Welcome to today’s installment of 31 Days of Halloween! This is our chance to set the mood for the spookiest and scariest month of the year as we focus our attention on horror and Halloween fun. For the month of October we’ll be talking to creators working in horror and share and recommend various pieces of underappreciated scary media-books, comics, movies, and television-to help keep you terrified and entertained all the way up to Halloween.
As a kid I used to watch The Canterville Ghost tv movie on repeat. It was recorded off the television and one of the few VHS tapes we owned at the time. I watched it so many times that the tape destroyed itself from the numerous viewings. Recently I found myself wondering if I would still find it spooky? Would I still find it funny? Would I still admire Alyssa Milano’s fashion? The answer is yes to all the questions. It’s been thirty-three years since the 80’s adaptation made its television debut, but it’s still a perfectly fun film for the family to enjoy this Halloween season.
Based on the story by Oscar Wilde, The Canterville Ghost is about an American family that moves to England. Ted Wass plays Harry Canterville, a man who travels to the Canterville castle to claim his birthright. He also brings his new wife Lucy, played by Andrea Marcovicci, and daughter Jennifer, played by Alyssa Milano. However, as it happens in ghost stories, they are not welcome guests. The castle is haunted by Sir Simon de Canterville, played by John Gielgud, who is pretty open with his feelings regarding the newcomers.
Sir Simon has many talents. He can change his appearance at will to frighten any guests. He can perform magic acts, transforming tea into tarantulas, and he can make whole beds leave the castle and land in moats. Despite the humor, the film also deals with a very tragic backstory for Sir Simon. He died a gruesome death when he was accused of murdering his wife. Upon her death, she cursed him to a life of endless unhappiness. Even though Sir Simon hates newcomers and is an angry ghost, he befriends Jennifer. He and Jennifer forge a tender friendship where he understands her. Sir Simon listens to Jennifer and looks out for her in a kindly grandfatherly manner. This creates love between the two characters and she becomes set on freeing his soul.
The film was filmed in England and there are plenty of beautiful scenery surrounding the castle grounds. While not too many shots of the countryside are used, Paul Bogart’s film seems to rely on the spectacle of the supernatural. There is a particularly eerie scene where Jennifer and Sir Simon visit the Garden of the Dead. The garden is created in mist and shadows and the Angel of Death appears through slats of lights and speaks in howling winds. This effect was pretty creepy as a kid and it’s still pretty cool now.
There are some very spooky scenes and themes. One of the themes that comes up is sacrifice.
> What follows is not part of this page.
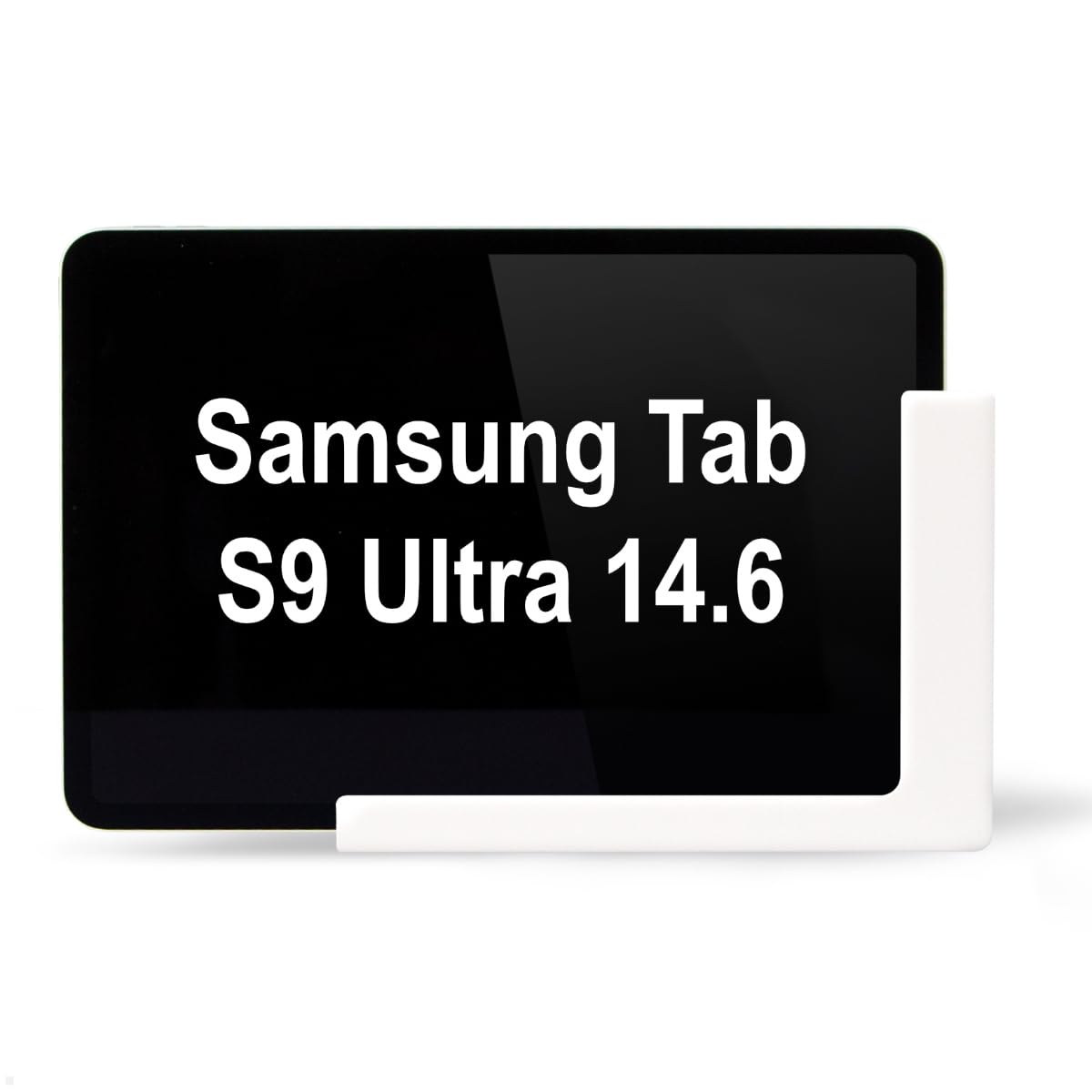 TabLines TWP031 Wandhalterung inklusive Ladefunktion über integrierten USB-C Adapter für Samsung Tab S9 Ultra 14.6 (weiß)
This is shown in the relationship between Harry Canterville and his family, but most creepily when Jennifer faces potentially fatal danger as she risks her own life to save Sir Simon’s soul. The story also deals with Sir Simon’s grief of losing his wife. There is a heartbreaking scene where a parapsychologist summons up the deceased Lady Eleanor. That scene was particularly haunting as a child, but the sadness of it is what makes it memorable.
While special effects have come a long way, the story and characters pull this film into the 21st century. It is still fun and heart-warming. The Canterville Ghost is a story of friendships and loss that people of all ages can enjoy.